Top  > 古今和歌集の部屋  > 巻六

       うたたてまつれと仰せられし時によみてたてまつれる 紀貫之  
342   
   ゆく年の  惜しくもあるかな  ます鏡  見る影さへに  くれぬと思へば
          
     
  • ます鏡 ・・・ よく澄んできれいな鏡(真澄鏡)
  
年末にあたって、往く年が惜しいと思います、鏡の中の自分の姿さえ暮れてゆく気がするからです、という歌。

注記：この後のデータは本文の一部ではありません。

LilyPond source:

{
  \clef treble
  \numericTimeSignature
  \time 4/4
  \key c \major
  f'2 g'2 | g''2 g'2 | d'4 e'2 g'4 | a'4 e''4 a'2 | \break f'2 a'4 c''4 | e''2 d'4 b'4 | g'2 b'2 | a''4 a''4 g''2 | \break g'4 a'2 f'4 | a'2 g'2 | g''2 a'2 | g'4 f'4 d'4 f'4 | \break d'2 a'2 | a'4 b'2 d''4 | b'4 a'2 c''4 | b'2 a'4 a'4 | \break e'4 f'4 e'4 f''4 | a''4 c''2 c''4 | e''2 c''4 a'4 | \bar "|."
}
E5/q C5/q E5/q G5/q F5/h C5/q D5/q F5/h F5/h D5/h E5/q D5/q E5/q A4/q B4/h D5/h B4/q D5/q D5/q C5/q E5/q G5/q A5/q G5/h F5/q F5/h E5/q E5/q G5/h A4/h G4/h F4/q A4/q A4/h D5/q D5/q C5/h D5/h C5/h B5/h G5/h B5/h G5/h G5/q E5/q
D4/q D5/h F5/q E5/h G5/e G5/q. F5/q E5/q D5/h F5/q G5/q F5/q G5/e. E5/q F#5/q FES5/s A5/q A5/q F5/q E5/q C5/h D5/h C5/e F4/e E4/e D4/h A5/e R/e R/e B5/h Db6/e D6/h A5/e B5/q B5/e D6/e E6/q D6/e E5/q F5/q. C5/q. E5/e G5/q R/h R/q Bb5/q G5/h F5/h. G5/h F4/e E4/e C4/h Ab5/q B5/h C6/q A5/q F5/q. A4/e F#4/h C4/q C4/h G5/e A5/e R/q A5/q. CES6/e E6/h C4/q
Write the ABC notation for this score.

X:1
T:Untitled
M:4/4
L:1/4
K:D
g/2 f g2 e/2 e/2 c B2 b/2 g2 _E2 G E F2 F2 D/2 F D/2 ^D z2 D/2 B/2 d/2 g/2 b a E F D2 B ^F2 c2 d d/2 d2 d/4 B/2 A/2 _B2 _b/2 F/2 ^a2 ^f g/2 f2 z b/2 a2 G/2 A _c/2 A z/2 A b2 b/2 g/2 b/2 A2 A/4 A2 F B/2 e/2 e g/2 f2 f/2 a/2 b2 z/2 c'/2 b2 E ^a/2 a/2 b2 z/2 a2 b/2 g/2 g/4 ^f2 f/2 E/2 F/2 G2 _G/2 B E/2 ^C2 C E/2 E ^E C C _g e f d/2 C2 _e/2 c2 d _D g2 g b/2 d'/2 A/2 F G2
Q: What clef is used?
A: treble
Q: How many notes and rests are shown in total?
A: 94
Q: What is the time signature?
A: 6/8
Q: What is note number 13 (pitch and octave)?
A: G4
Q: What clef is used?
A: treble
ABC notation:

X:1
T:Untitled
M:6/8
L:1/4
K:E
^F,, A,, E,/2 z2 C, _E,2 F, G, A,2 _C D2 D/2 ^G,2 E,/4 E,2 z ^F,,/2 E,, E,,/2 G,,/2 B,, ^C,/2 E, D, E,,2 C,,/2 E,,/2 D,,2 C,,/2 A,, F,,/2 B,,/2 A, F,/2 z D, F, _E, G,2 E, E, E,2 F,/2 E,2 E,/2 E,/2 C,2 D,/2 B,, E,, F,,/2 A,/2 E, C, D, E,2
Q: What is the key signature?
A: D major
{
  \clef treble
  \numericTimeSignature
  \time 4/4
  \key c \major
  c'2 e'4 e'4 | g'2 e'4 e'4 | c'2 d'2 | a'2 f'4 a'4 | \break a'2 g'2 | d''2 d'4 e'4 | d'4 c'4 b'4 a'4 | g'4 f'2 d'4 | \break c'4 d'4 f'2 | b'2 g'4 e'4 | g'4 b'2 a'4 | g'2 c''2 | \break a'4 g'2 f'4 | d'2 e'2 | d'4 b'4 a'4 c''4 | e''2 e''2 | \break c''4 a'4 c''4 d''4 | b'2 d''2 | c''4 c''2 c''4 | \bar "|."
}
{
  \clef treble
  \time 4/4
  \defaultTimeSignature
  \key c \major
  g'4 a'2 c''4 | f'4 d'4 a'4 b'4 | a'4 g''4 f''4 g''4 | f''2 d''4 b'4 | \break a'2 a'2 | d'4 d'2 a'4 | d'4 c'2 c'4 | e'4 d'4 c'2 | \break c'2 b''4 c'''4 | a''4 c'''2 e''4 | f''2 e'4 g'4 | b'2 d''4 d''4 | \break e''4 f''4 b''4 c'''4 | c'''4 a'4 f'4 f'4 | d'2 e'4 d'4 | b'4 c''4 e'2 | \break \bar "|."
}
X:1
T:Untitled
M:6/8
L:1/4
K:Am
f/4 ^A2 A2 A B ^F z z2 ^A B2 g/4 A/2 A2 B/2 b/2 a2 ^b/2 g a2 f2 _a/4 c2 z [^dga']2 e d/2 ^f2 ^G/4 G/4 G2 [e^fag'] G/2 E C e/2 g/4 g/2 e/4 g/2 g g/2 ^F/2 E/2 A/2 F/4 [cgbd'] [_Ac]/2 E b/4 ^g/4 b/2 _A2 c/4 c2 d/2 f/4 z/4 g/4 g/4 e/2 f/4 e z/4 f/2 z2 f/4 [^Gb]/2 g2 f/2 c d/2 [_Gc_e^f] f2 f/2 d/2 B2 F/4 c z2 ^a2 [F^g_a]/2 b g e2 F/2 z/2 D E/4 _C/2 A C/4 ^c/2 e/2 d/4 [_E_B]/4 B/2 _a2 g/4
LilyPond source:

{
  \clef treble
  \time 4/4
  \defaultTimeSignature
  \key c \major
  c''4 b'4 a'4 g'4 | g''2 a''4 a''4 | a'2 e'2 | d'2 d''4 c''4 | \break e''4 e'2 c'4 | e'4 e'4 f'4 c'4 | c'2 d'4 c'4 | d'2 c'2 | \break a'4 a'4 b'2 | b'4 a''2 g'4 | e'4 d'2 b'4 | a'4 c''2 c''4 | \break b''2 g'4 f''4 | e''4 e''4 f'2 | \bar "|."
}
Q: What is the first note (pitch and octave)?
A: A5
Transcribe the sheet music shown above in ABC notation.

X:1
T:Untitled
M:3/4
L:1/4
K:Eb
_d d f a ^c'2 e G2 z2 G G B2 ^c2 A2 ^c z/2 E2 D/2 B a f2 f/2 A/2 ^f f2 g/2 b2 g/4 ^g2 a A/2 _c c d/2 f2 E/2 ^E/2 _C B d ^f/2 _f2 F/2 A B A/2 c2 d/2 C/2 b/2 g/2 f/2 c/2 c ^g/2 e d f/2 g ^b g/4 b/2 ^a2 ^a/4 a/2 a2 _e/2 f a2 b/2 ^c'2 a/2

 "くれぬ" は、年が暮れるの 「暮る」であるが、「暮る」には 「暗くなる」という意味がある。鏡に映る自分の影 「さへ」暗くなるというのは、年老いてゆく、ということを表していると思われる。三句目に突然 "ます鏡" と出てきて驚くが、こうした核になる言葉を一つ放り込んで、それに添って歌をしめくくるというのも一つの手法であろう。

  貫之の鏡の歌としては 460番に「かみやがは」を入れた物名の 「鏡のかげに 降れる白雪」というものがあり、老いを詠ったものには 899番に読人知らずの 「年へぬる身は 老いやしぬると」という「鏡山」の歌がある。また、次の伊勢の歌も 「年をへて−曇る」ということを詠っていて、この歌での「鏡」の扱いと似ている点も感じられる。

 
44   
   年をへて  花の鏡と   なる水は  散りかかるをや  曇る と言ふらむ
     
        「さへに」という言葉を使った歌の一覧は 280番の歌のページを参照。